The Erotic Mind-Control Story Archive

The Window Sleep

After a traveling mesmerist visits a small town, one of its citizens gets back to normal. The new normal.

mc hyp fd mf

The Window Sleep

Argos

(AUTHOR’S NOTE—This story is based on a real promotional stunt that old-time traveling mesmerists used to promote their shows in a strange town where they’d play only one night, using some susceptible local that people knew to demonstrate the power of hypnosis. It’s well described in Ormond McGill’s NEW ENCYCLOPEDIA OF STATE HYPNOTISM.)

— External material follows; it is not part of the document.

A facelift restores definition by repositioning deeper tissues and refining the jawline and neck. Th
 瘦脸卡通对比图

Howdy, stranger. Sure, I’d be pleased to have you join me. Pull up a rock and set a spell. No, there aren’t any actual rocks here in the front window of Hunter’s Mercantile and Feed Store. Grab you a chair. It was a figure of speech, though to tell you the truth if I close my eyes and listen right I can about hear the sounds of a rushing stream, birds in the tall trees, maybe the sound of the wind on a nice summer day. That’s the nice thing about fishing in the front window of the Mercantile: it’s always a good day for fishing, and Mr. Hunter don’t mind. Word has gotten around about the guy in the window, and people come in from the country just to see me and then maybe buy some flour or sorghum or even penny candy before they leave.

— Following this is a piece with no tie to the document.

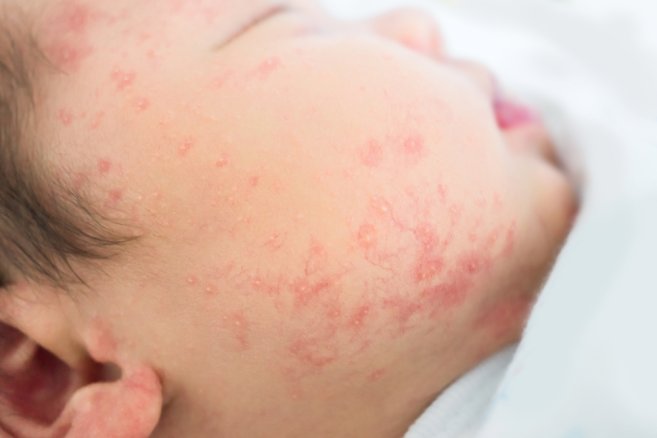 Cara Tepat Mengatasi Alergi Susu Sapi pada Anak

So, how did it come about that I spend my days here in the window fishing? Well, thereby hangs quite a tale, like the fellow says. It started a few years ago on a cold winter’s day, the kind of day when idlers like me come in and buy a bottle of Moxie and spend the afternoon sitting by that old potbelly stove, swapping lies with folks they’ve known all their lives. There are worse ways to spend a winter afternoon—and, as I have discovered, better ones as well. At any rate, we were sitting around the backroom toasting our feet and listening to Mr. Bandler tell for the 18th time about the time he saw Bigfoot up on Grinder Mountain, when in walked a woman we’d never seen before. And when I say walked in, I mean she made an entrance. I don’t know exactly what it was, but every man in the place turn to look at her and kept right on looking until she spoke. She commanded the room.

“Gentlemen,” she said. “I am traveling through your town and I could use a little help with something I have to do. Who wants to help me?” Well, as you can imagine, every man’s hand in that room went up like a balloon was tugging it, and she looked around with a kind of a smug smile that suggested she had expected no less, and she looked at each of us as if she was looking at which horse to buy, until at last she came to me, and she said, “I reckon you’ll do.”

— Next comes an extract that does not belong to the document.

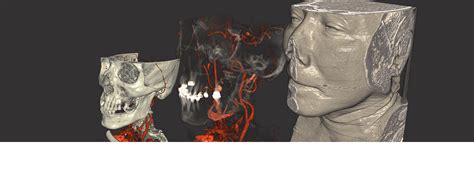 Image result for MeVisLab Features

Well, I didn’t know what she wanted but I did know that it would be a pleasure to spend some time was such a fine-looking woman and furthermore that for some reason I definitely did think that she ought to have whatever she wanted and do whatever she chose. She reached out a hand and I took it and she said, “Come on over here to the front window—don’t worry, Mr. Hunter told me I could do whatever I wanted in his front window, and you need to be here, as you will see in a minute. So move two chairs up here so we’re in full view of the people passing by and let me explain to you what’s going to happen next.”

We sat in the chairs facing each other and she said, “In this part, I need you to look at me for a few minutes. That won’t be so bad, will it?” Well, I don’t know if I mentioned what a fine-looking woman she was—not stick-skinny like the models in the Saturday Evening Post ads, but solidly built, plenty of curves, and just generally, well, lush. I looked her up and down, grateful for the opportunity, until she said, “OK, that’s enough, eyes up here and look at me right in the eye.”

Which I did, and when I did, all of a sudden I felt just like a deer on Grinder Mountain that somebody hit with a spotlight. Her eyes just held me in place. At that moment, I really didn’t want to do anything except look at them, so I didn’t mind.

She started in to talking, and I can still remember every word: “Let me tell you what’s going to happen now, as sure as night follows day. In a few minutes I’m going to tell you what to do and you’ll do it because it will be what you want to do because what I want is what you want to do, whatever it is I want, and your friends in the back room and the people walking by on the boardwalk will look at you and they’re going to laugh. And you’re going to find that you don’t mind one bit because you know you want to do what I tell you to do and you have to do what you want to do because what you want to do is whatever I want you to do. And the reason for that is that, to be completely honest, what I want matters and what you want doesn’t matter. And that’s just fine with you because mattering is so hard. What matters is what I want. I want you to keep looking. Sure, you can try to look away, but you can’t, can you? You just want to keep looking, you just want to keep listening, you just want to do what I tell you and nothing else matters except what I say and what I want. Let me explain to you how I know that. There’s a reason I picked you to help me when I came into that backroom. It’s an air you have about yourself as if you were a bluetick hound who has gotten lost in the woods and is waiting to hear his mistress’s voice. It’s the look of a man who was born with a saddle on his back and needed a woman to ride him. A man who needed to belong to somebody and do exactly what she told him to do. I can tell that’s who you are by your body posture, by your face, and I can tell you it’s nothing to feel bad about. You live alone, don’t you?”

I nodded.

“In my travels,” she said, “I see a lot of men who have been waiting their whole lives for someone to come along and take charge of them and give them orders and allow them to serve, and when I do that it makes them very happy. For you, my friend, obedience is your freedom. You want to be owned. In fact, it makes you happy. I can tell by that big dopey smile that’s spreading across your face. Don’t try to hide it.” And after she said that I did feel myself smiling a big dopey smile and I didn’t know whether she had spotted the smile coming and told me it was coming or she’d told me to smile and so I smiled, but it didn’t really matter because I was so happy, and listening so hard for whatever she was going to say next.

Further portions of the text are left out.